Q&A with Maruthi Devarakonda

Maruthi Devarakonda

Maruthi Devarakonda

BS in Mechanical Engineering, 2000—Nagarjuna University
MS in Mechanical Engineering, 2003—University of Toledo
PhD in Mechanical Engineering-Engineering Mechanics, 2008—Michigan Tech

Current position: Research Engineer for Pacific Northwest National Laboratory, Richland, Washington

Q:  What was the focus of your graduate research?

A: Emissions from mobile sources, such as passenger cars and trucks, are a huge health concern in the US. My focus was to develop better control strategies in order to reduce nitrogen oxide emissions (NOx) from heavy-duty vehicles running on diesel engines. I developed model-based control strategies for a catalytic converter that resulted in optimal performance.

Q: What was the most challenging aspect?

A: Because the research area demands an interdisciplinary background, the challenge was to understand and apply the basics of chemical kinetics and reaction engineering. Coming from an ME background all throughout, this was a challenge, initially.

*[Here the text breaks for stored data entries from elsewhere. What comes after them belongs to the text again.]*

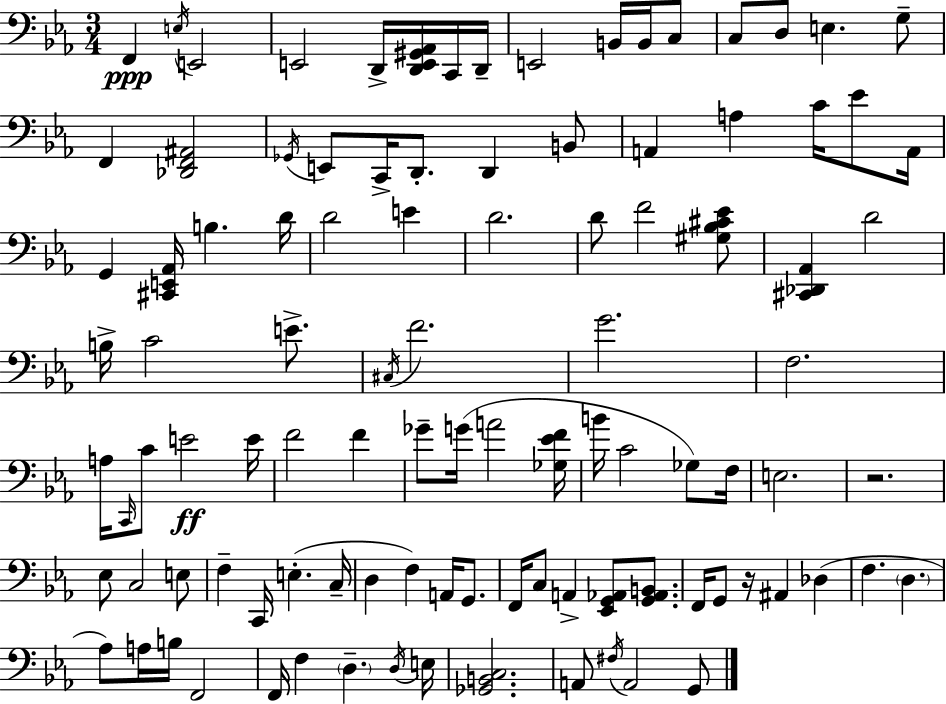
X:1
T:Untitled
M:3/4
L:1/4
K:Cm
F,, E,/4 E,,2 E,,2 D,,/4 [D,,E,,^G,,_A,,]/4 C,,/4 D,,/4 E,,2 B,,/4 B,,/4 C,/2 C,/2 D,/2 E, G,/2 F,, [_D,,F,,^A,,]2 _G,,/4 E,,/2 C,,/4 D,,/2 D,, B,,/2 A,, A, C/4 _E/2 A,,/4 G,, [^C,,E,,_A,,]/4 B, D/4 D2 E D2 D/2 F2 [^G,_B,^C_E]/2 [^C,,_D,,_A,,] D2 B,/4 C2 E/2 ^C,/4 F2 G2 F,2 A,/4 C,,/4 C/2 E2 E/4 F2 F _G/2 G/4 A2 [_G,_EF]/4 B/4 C2 _G,/2 F,/4 E,2 z2 _E,/2 C,2 E,/2 F, C,,/4 E, C,/4 D, F, A,,/4 G,,/2 F,,/4 C,/2 A,, [_E,,G,,_A,,]/2 [G,,_A,,B,,]/2 F,,/4 G,,/2 z/4 ^A,, _D, F, D, _A,/2 A,/4 B,/4 F,,2 F,,/4 F, D, D,/4 E,/4 [_G,,B,,C,]2 A,,/2 ^F,/4 A,,2 G,,/2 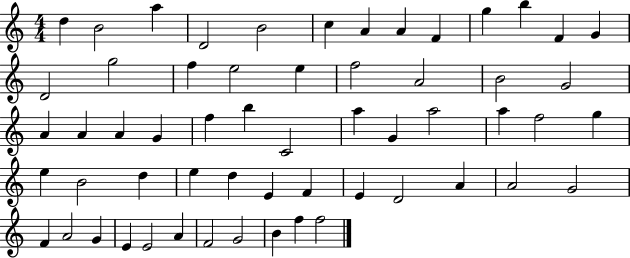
D5/q B4/h A5/q D4/h B4/h C5/q A4/q A4/q F4/q G5/q B5/q F4/q G4/q D4/h G5/h F5/q E5/h E5/q F5/h A4/h B4/h G4/h A4/q A4/q A4/q G4/q F5/q B5/q C4/h A5/q G4/q A5/h A5/q F5/h G5/q E5/q B4/h D5/q E5/q D5/q E4/q F4/q E4/q D4/h A4/q A4/h G4/h F4/q A4/h G4/q E4/q E4/h A4/q F4/h G4/h B4/q F5/q F5/h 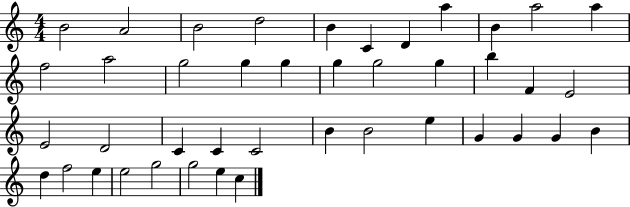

Q:  What was the best part about the experience?

A: I loved my entire graduate school experience at Michigan Tech. I was a lead teaching assistant and coordinator for the senior controls lab for five semesters. I had an opportunity to initiate NOx control research in the ME-EM department and successfully co-authored more than half a million dollars of research proposals as a PhD candidate. Almost all of the credit should go to my advisor, Professor Gordon Parker, who has been a fantastic mentor and a great guide to me.

Q:  What are you doing now that you’ve graduated?

A: After graduating with a PhD in early 2008, I joined the US Department of Energy’s Pacific Northwest National Laboratory (PNNL) as a postdoctoral research fellow. I was transitioned into a permanent staff position in late 2009, and since then, I have been working as a research engineer, supporting many energy-efficiency and renewable-energy projects.

Q:  Were there any experiences at Tech that helped with your current success?

A: Many of the lessons I learned at Tech still guide me here at the laboratory. Being positive and persevering is extremely important as a research professional, and understanding the big picture when trying to solve a problem or when writing a research proposal is critical. My journey at Michigan Tech has taught me all of this to a significant extent.

Q:  Did your time in graduate school change (or shape) your life, and if so, how?

A: Absolutely. I feel that I gained many additional qualifications, especially in proposal writing, while at Tech, and that surely has given me an edge over many PhD students who have graduated from other institutions—in terms of proposal-writing and project-management experience. Gaining such experience early on, while at Tech, has helped me immensely at PNNL, especially in initiating research with other organizations.

Q:  What advice would you give to first-year graduate students?

A: Follow your dreams while at Tech with complete passion, dedication, and perseverance, and I bet you will achieve more than what you initially aspire to do. Make sure you have the target in mind, and keep an eye on it all the time.